Phi Beta Kappa (PBK) is the nation’s oldest academic honor society, with membership reserved for a small percentage of undergraduates at a fraction of all degree-granting institutions. Founded in 1776 at the College of William and Mary, the society is devoted to excellence in the traditional liberal arts and sciences and to freedom of inquiry, embracing the motto “Love of Learning is the Guide of Life.” In 2001, the national organization of PBK selected Auburn University to shelter a chapter of Phi Beta Kappa after a rigorous, multiyear review. Since then, the Gamma Chapter of Alabama has initiated several hundred undergraduates into the society.
growing membership
To be invited to membership, students must have demonstrated excellence in their studies across a range of traditional liberal arts and sciences. This year, following a careful scrutiny of transcripts and a vote by the chapter’s resident members, 48 students accepted invitations to membership in the chapter, 35 of whom attended the ceremony at the Caroline Marshall Draughon Center for the Arts & Humanities at Pebble Hill.

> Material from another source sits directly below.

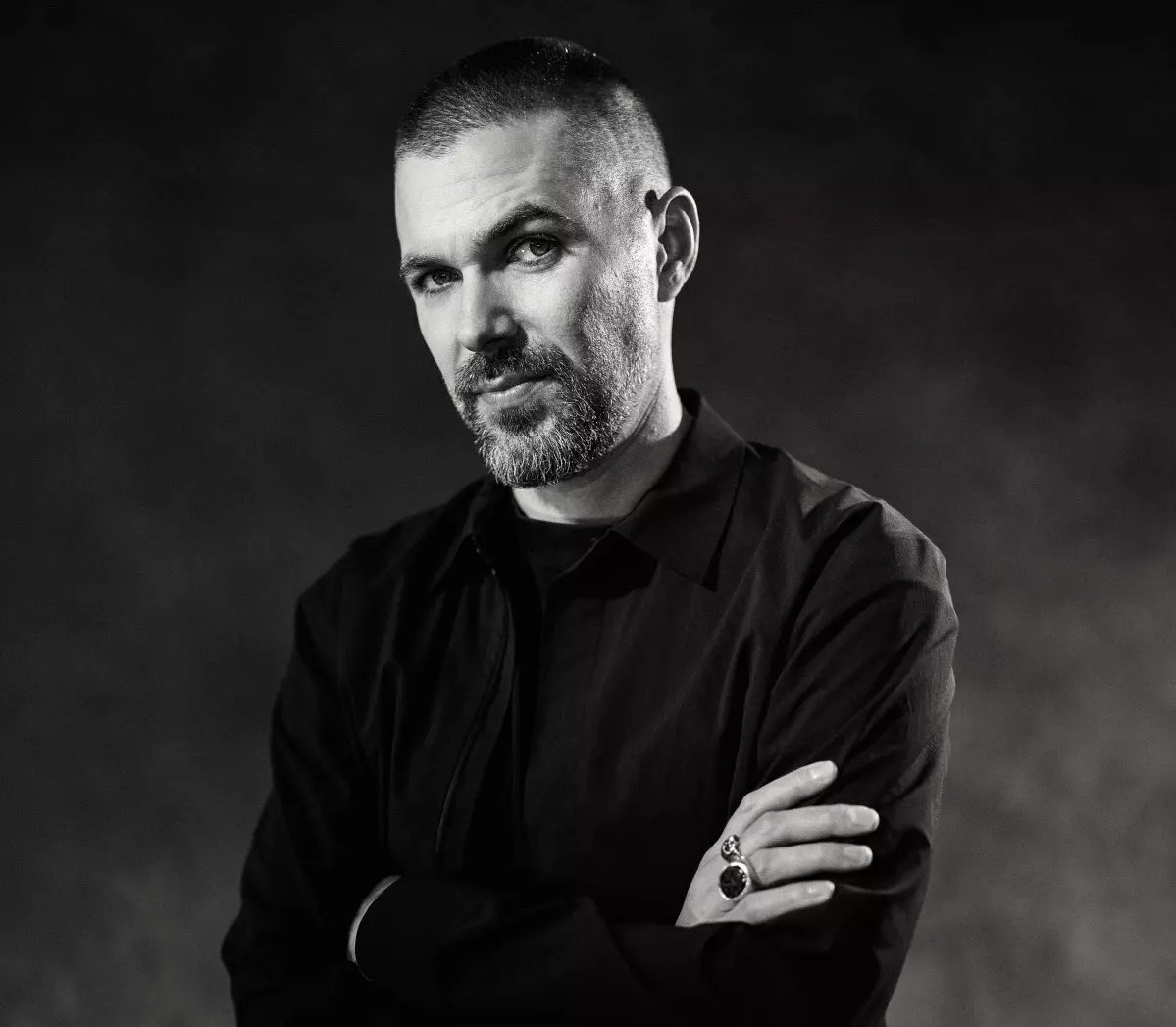 EggersFilms's tweet image. Robert Eggers on the dialogue in his upcoming film Werwulf:
“I don’t know who leaked what, but it’s been said — and taken as official — that the movie is in Old English. But obviously, because of the 13th-century setting, it’s Middle English. I just want to be clear on that.”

“The mission of Phi Beta Kappa meshes very nicely with that of the Honors College,” said Laura Stevens, Honors College director. “So we were delighted when the provost asked us to provide an administrative home for the chapter.” A member of PBK herself, Stevens said she is eager to elevate the chapter’s identity on campus. “It’s been such a pleasure to work with the officers in expanding our programming, and the provost’s staff have offered amazing support in planning the initiation ceremony. My hope is that we can develop our programming more every year so that Phi Beta Kappa can contribute more to the intellectual life of the university and so that students and their families fully feel the magnitude of what it means to be invited to membership.”
a special guest
The day before the 2025 initiation ceremony, the chapter invited Kevin Hughes, professor of historical theology and chair of the Department of Theology and Religious Studies at Villanova University, to deliver the chapter’s Gamma Founders Lecture, “Sacred Disruptions: Caravaggio, Mysticism, and the Catholic Counter-Reformation.” At the initiation itself, Eden McLean, associate professor of history and president of the chapter, convened the ceremony by invoking the society’s longstanding traditions, as she called on David Carter, associate professor of history and vice president of the chapter, to lead the initiates into the building before reading the society’s history.
Hughes then delivered a brief exhortation to the initiates. While acknowledging the widespread assertion that study in the liberal arts inculcates critical thinking skills, he offered a bolder argument about the value of these fields and the habits and outlooks they instill. “The contemplative dispositions — the openness toward wonder and the humility to know how much we don’t know — are the real and lasting gifts of an education in the liberal arts and sciences,” he said, adding that these gifts are ones the world “will need more than ever.”
a bright future
Following the address, McLean led the initiates through a recitation of their pledge to the society, while Elijah Gaddis, associate professor of history and chapter secretary, called each initiate to sign the chapter’s book, and David Riese, professor of drug discovery and development and chapter treasurer, taught each initiate the society’s handshake.
“It was wonderful to recognize these exemplary students,” McLean said, “and we are so pleased to see this collaboration between Phi Beta Kappa and the Honors College moving forward.”
Later this month, on Jan. 29, the chapter will host Pulitzer Prize-winning science journalist Ed Yong to deliver the first Anne and David Laband Phi Beta Kappa Lecture, “The Amazing Nature of Animal Senses.”